● **Dataset extract**:
────

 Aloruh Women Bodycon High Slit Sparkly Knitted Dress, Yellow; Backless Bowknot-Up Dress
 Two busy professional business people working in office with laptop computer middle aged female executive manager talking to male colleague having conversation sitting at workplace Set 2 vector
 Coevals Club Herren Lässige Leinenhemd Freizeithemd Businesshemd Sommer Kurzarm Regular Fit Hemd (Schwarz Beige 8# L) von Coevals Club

────

● **Requirement**: Make an exact copy of the lines running from the one with "Two busy professional" to the last line of the listing, including both ends.

● **Response**:
 Two busy professional business people working in office with laptop computer middle aged female executive manager talking to male colleague having conversation sitting at workplace Set 2 vector
 Coevals Club Herren Lässige Leinenhemd Freizeithemd Businesshemd Sommer Kurzarm Regular Fit Hemd (Schwarz Beige 8# L) von Coevals Club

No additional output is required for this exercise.